• [WORK INSTRUCTIONS]:
Print every entry word for word, but omit the pictures.

BEGIN THE DATA

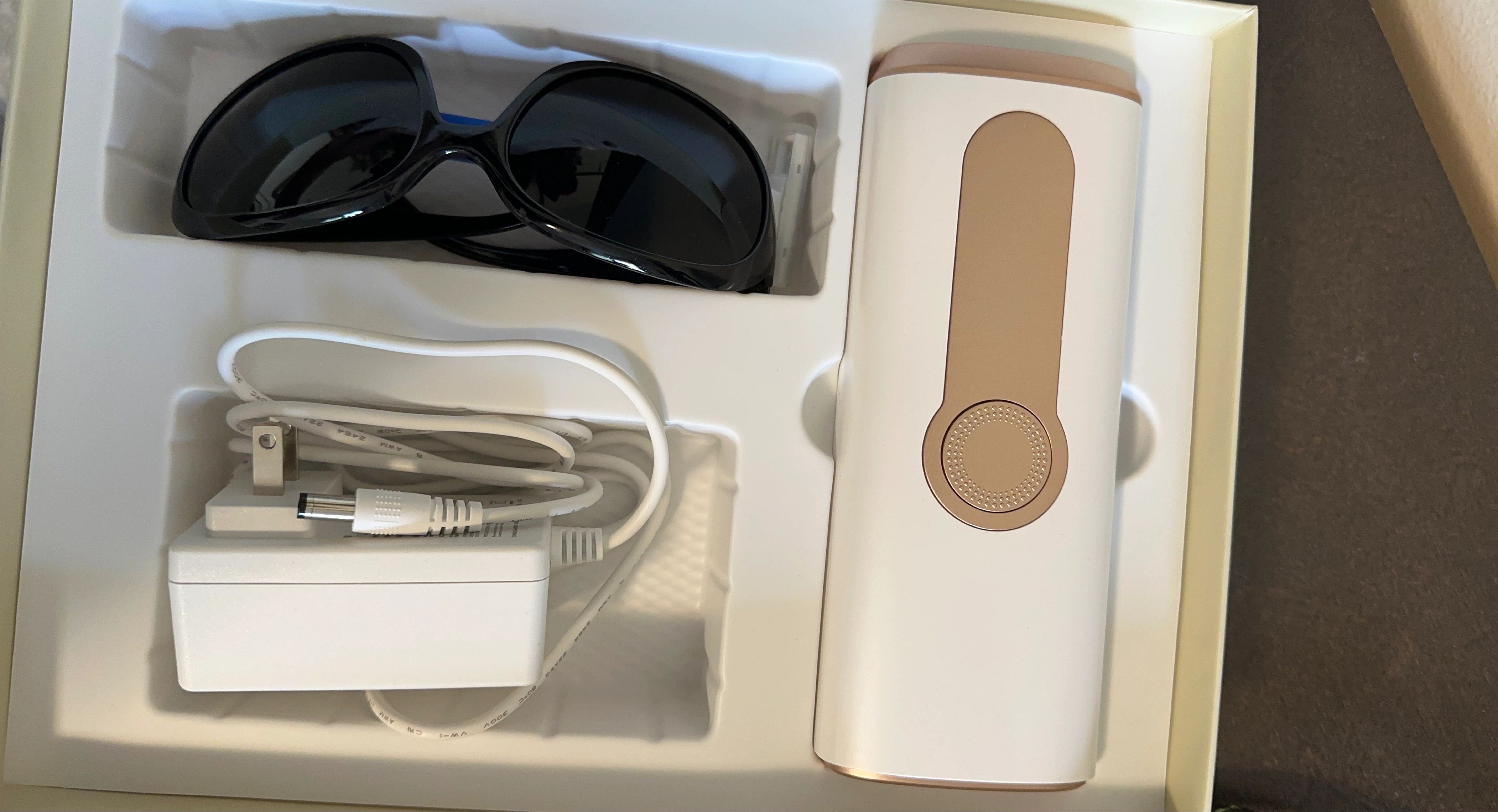 IPL Hair Removal Device with Glasses and Charger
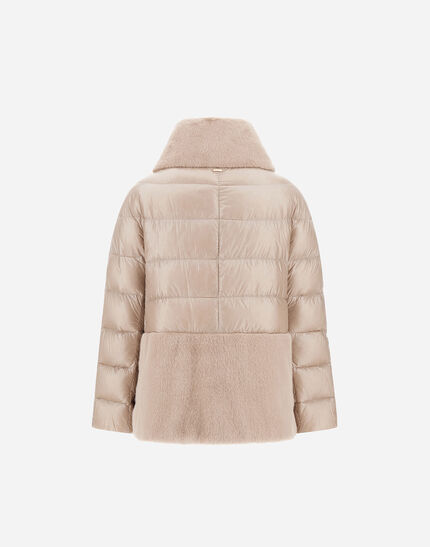 CAPE IN NYLON ULTRALIGHT AND LADY ALTERNATIVE FUR Chantilly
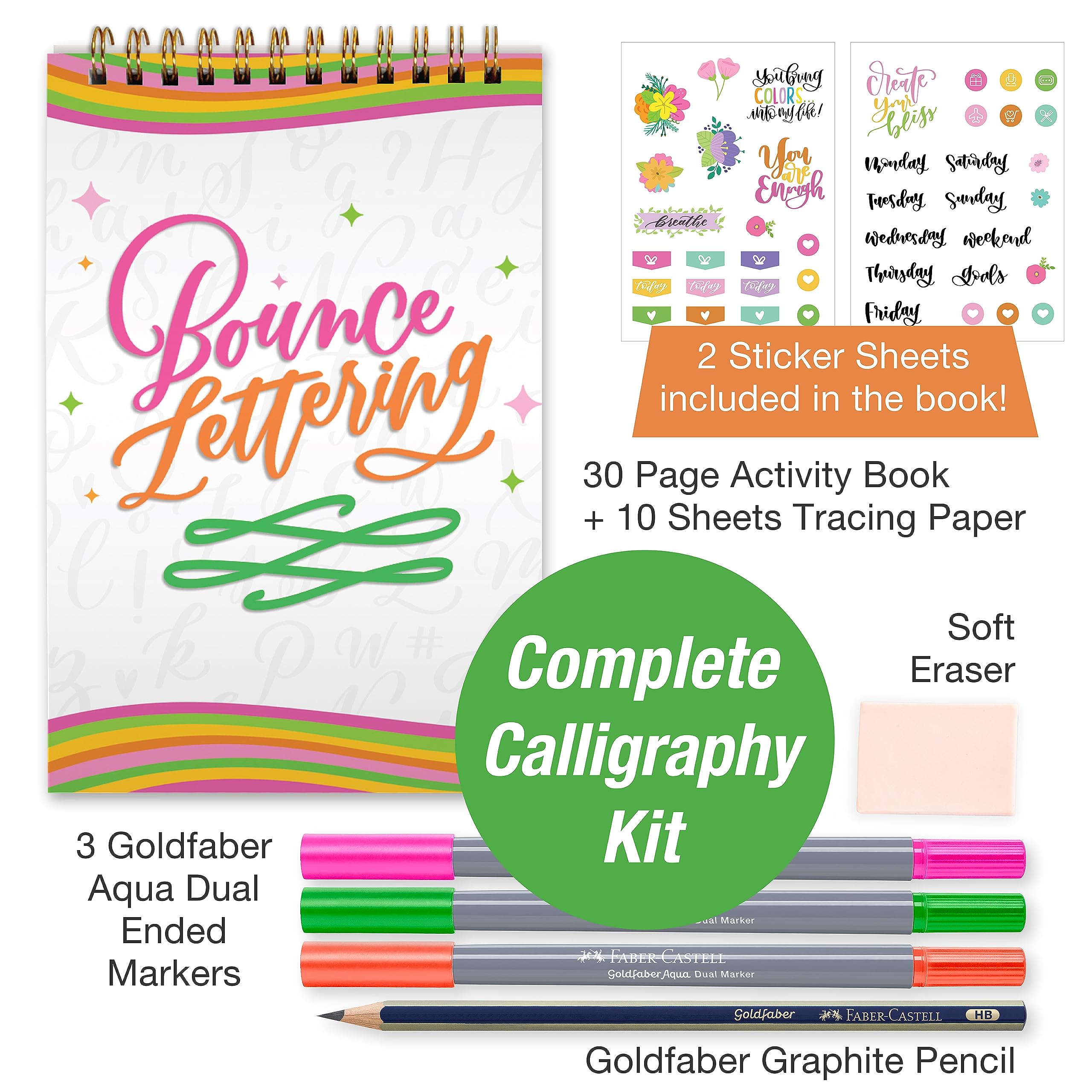 Faber-Castell Bounce Lettering - Hand Lettering for Beginners, DIY Crafts Project with 3 Brush Pens for Lettering - Image 3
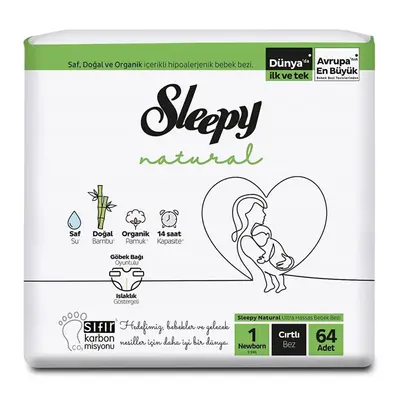 Sleepy Bebek Bezi Natural Yenidoğan 2-5 Kg  64lü Jumbo Paket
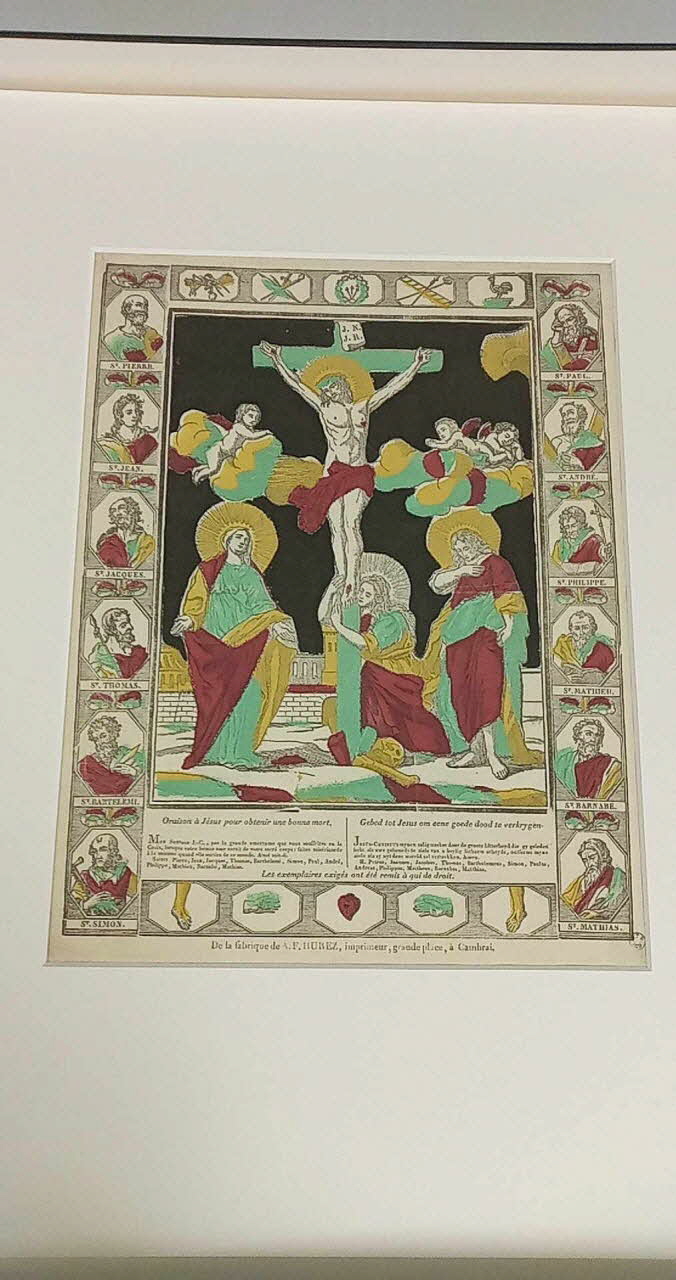 Pierre-François Godard ; Amand-François Hurez imagerie ancienne Oraison à Jésus pour obtenir une bonne mort. Cambrai 1817-1818 1965.75.102 Photo Mucem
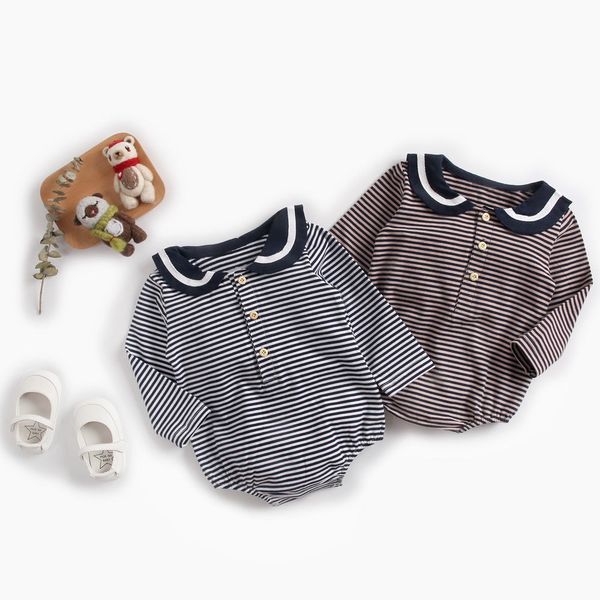 Baby Girl Striped Pattern Sailor Collar Design Fashion Long Sleeves Bodysuit Onesie - 66 (3-6M) / Coffee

END THE DATA

• [EXPECTED ANSWER]:
 IPL Hair Removal Device with Glasses and Charger
 CAPE IN NYLON ULTRALIGHT AND LADY ALTERNATIVE FUR Chantilly
 Faber-Castell Bounce Lettering - Hand Lettering for Beginners, DIY Crafts Project with 3 Brush Pens for Lettering - Image 3
 Sleepy Bebek Bezi Natural Yenidoğan 2-5 Kg  64lü Jumbo Paket
 Pierre-François Godard ; Amand-François Hurez imagerie ancienne Oraison à Jésus pour obtenir une bonne mort. Cambrai 1817-1818 1965.75.102 Photo Mucem
 Baby Girl Striped Pattern Sailor Collar Design Fashion Long Sleeves Bodysuit Onesie - 66 (3-6M) / Coffee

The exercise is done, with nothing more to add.